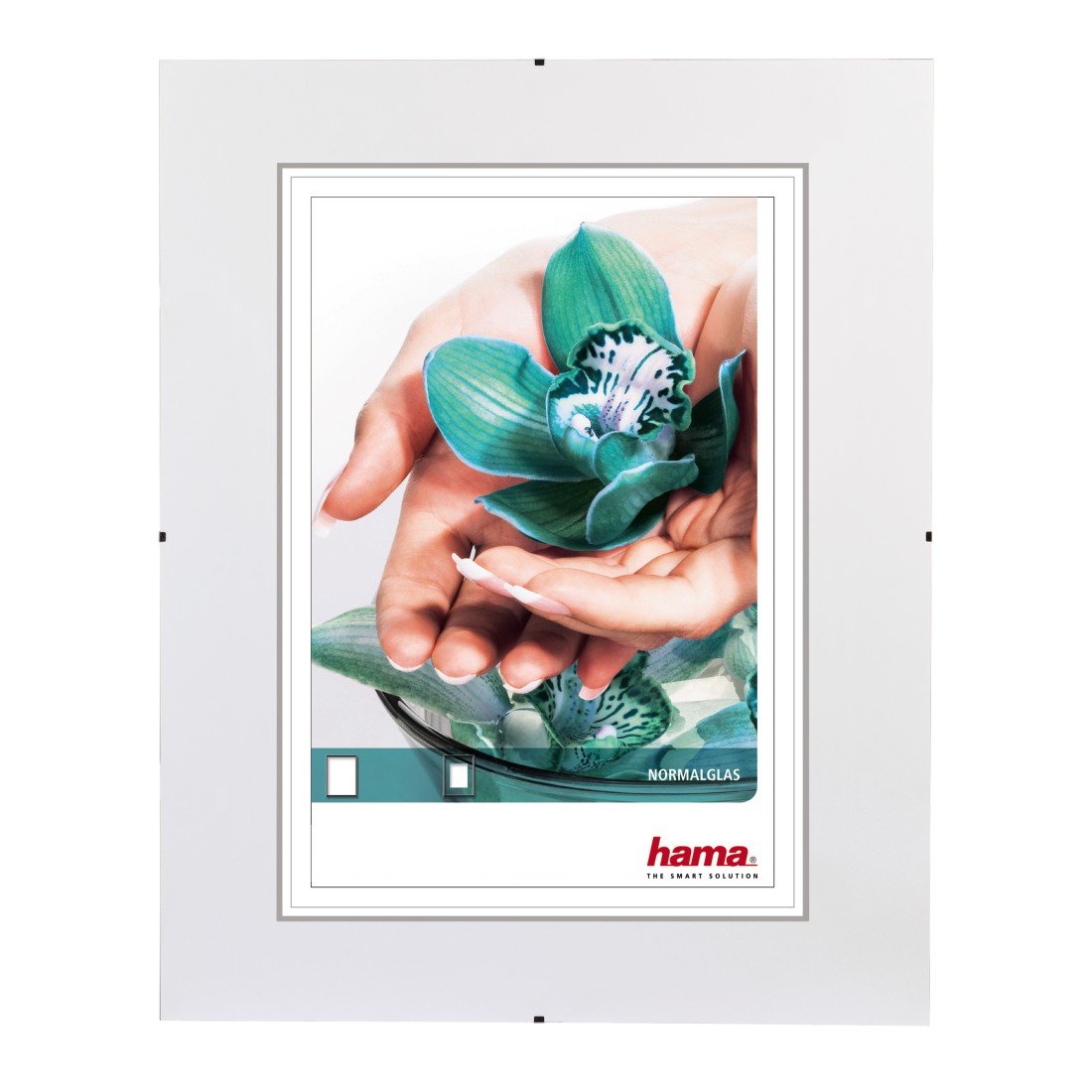 EAN 4007249630100 - Hama Clip-Fix Expositor de pie retroiluminado Transparente imagen 1
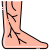 Varicose Veins icon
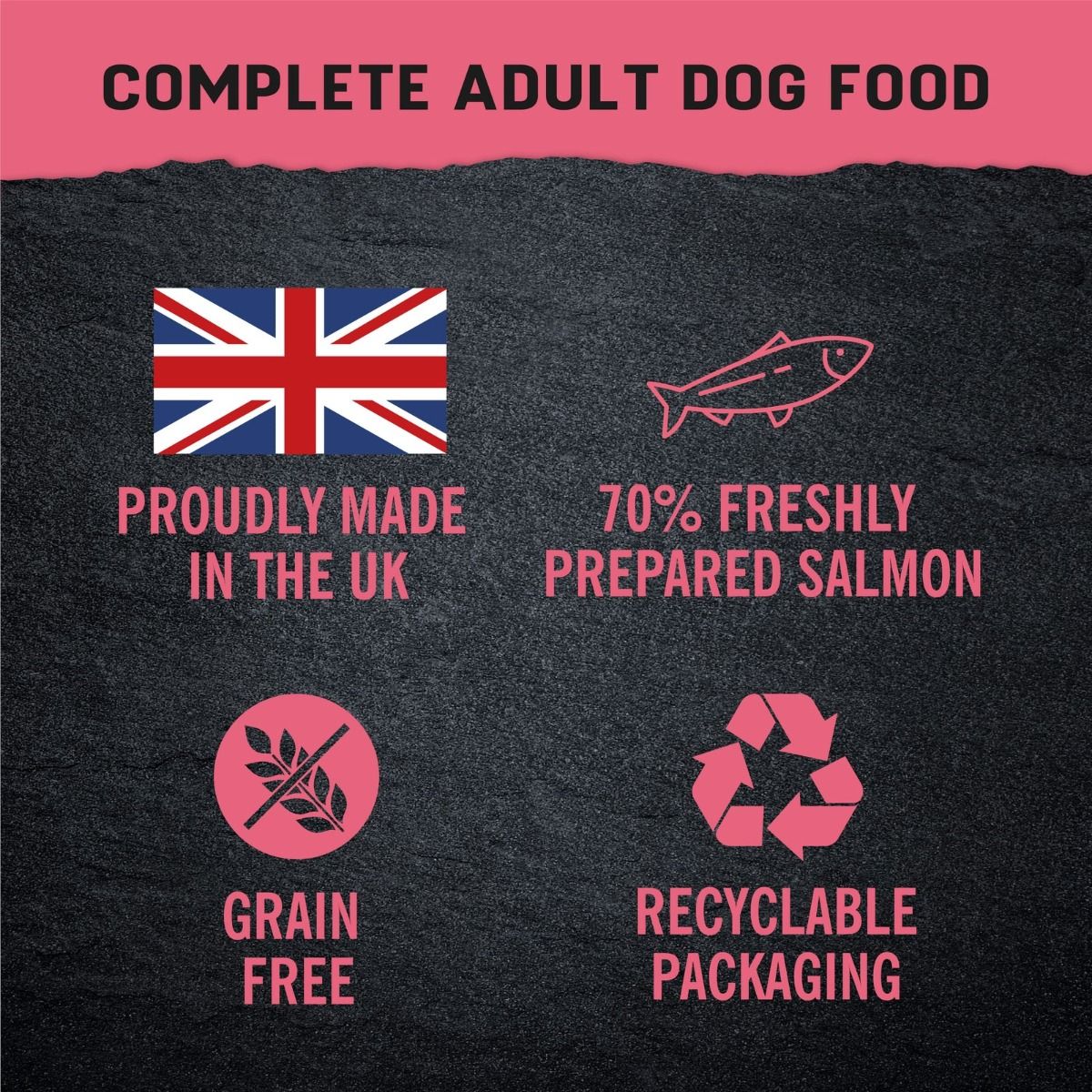 Harringtons Just 6 Salmon Grain Free Wet Dog Food | 70% Freshly Prepared Salmon | 6 Ingredients | Complete Adult | 380g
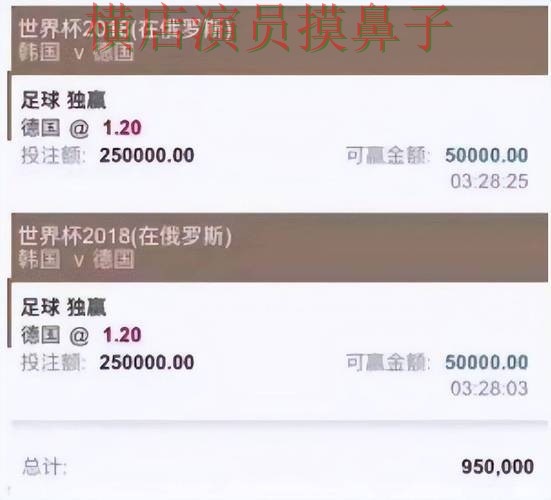 FIFA World Cup 2026期间热门世界杯买球平台实测对比与玩法指南分析 FIFA World Cup 2026期间热门世界杯买球平台实测对比与玩法指南分析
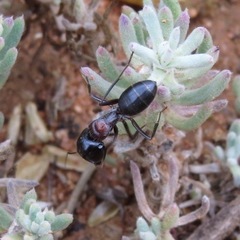 Camponotus aurocinctus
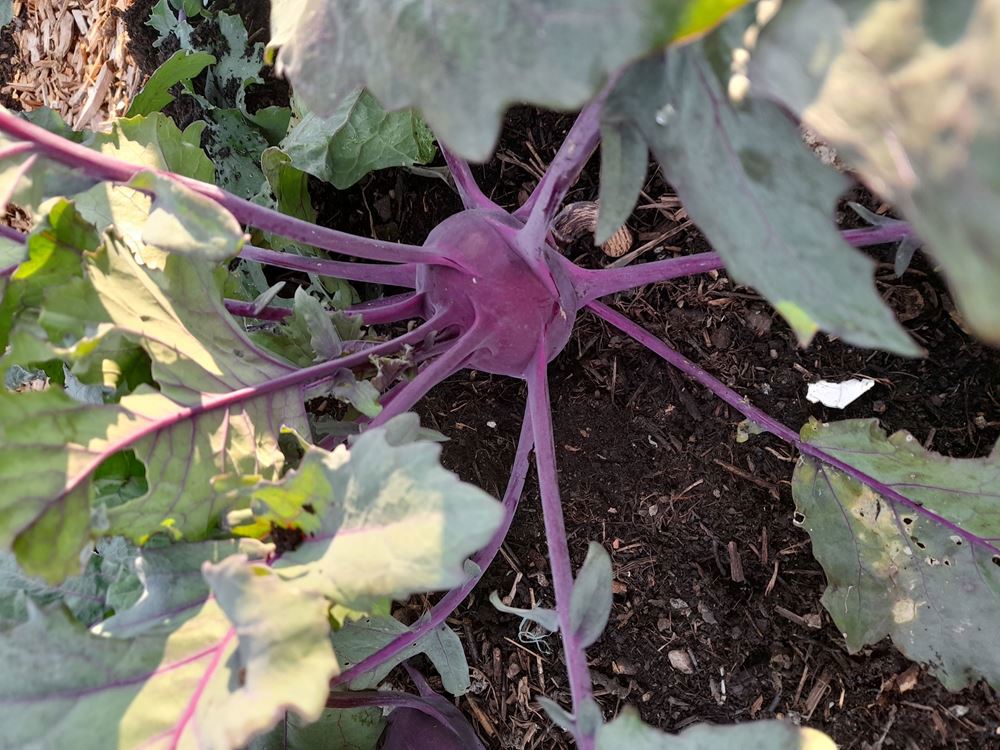 kohlrabi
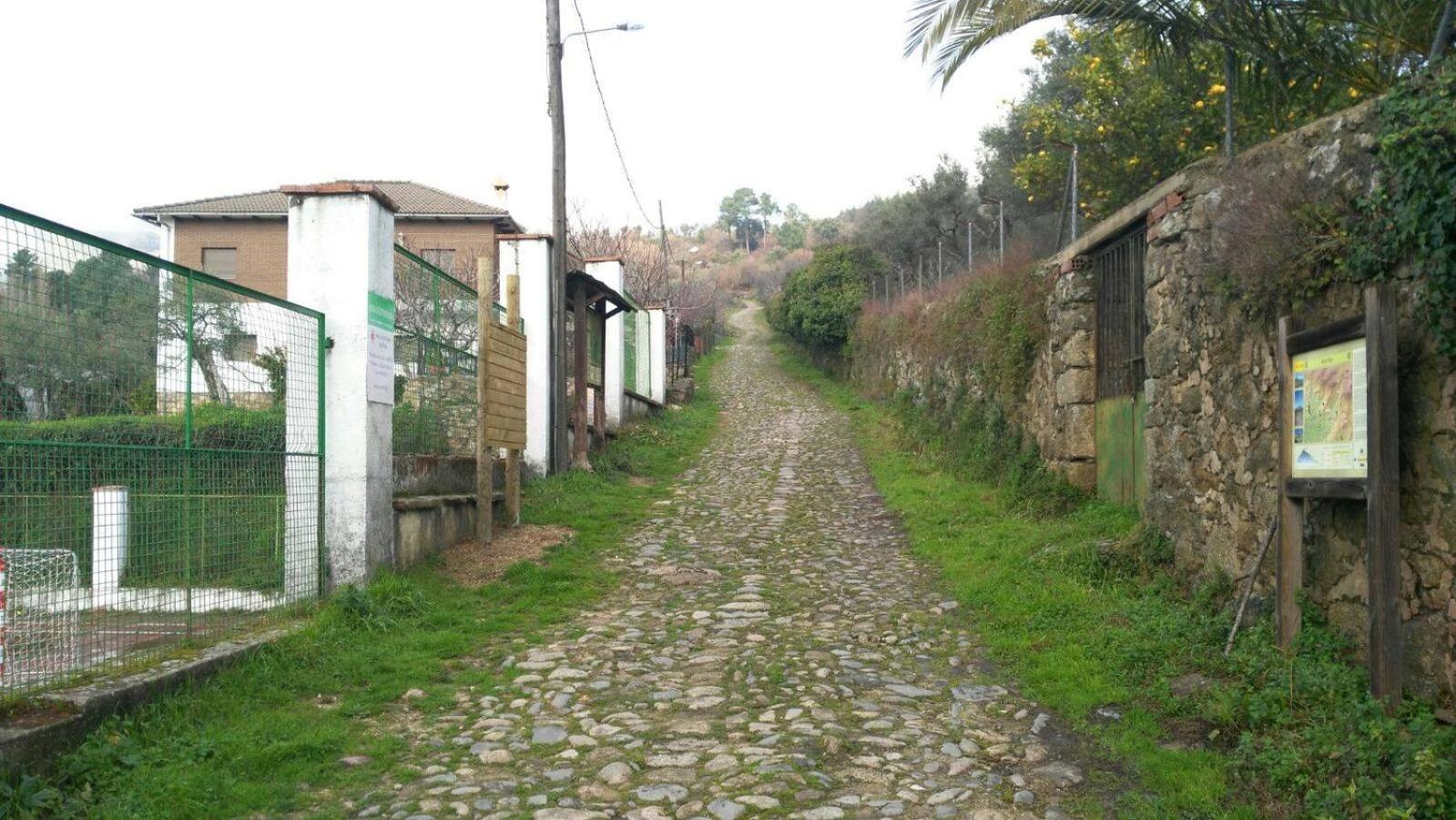 Photo 27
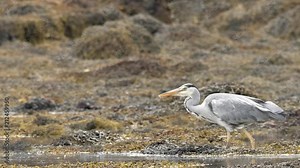 Un héron attrape un poisson au ralenti / A heron catchs a fish in slowmotion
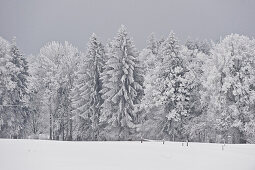 Winterlanschaft, Tegernseer Land, Oberbayern, Bayern, Deutschland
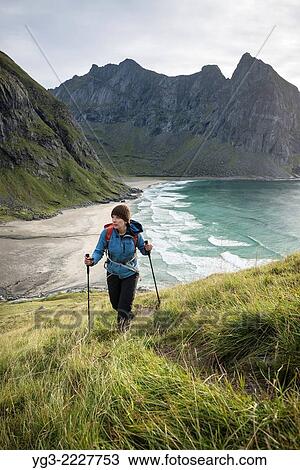 Female hiker hiking up trail with Kvalvika beach in background, Moskenesoy, Lofoten Islands, Norway. View Large Photo Image Stock Image - Female hiker hiking up trail with Kvalvika beach in background, Moskenesoy, Lofoten Islands, Norway.. Fotosearch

----------

- WHAT YOU SHOULD DO: In the listing above, find the line with "FIFA World Cup 2026期间热门世界杯买球平台实测对比与玩法指南分析 FIFA" and the line with "Oberbayern, Bayern, Deutschland". Transcribe those two and everything between, exactly, leaving out pictures.

- RESPONSE TO THIS TASK:
 FIFA World Cup 2026期间热门世界杯买球平台实测对比与玩法指南分析 FIFA World Cup 2026期间热门世界杯买球平台实测对比与玩法指南分析
 Camponotus aurocinctus
 kohlrabi
 Photo 27
 Un héron attrape un poisson au ralenti / A heron catchs a fish in slowmotion
 Winterlanschaft, Tegernseer Land, Oberbayern, Bayern, Deutschland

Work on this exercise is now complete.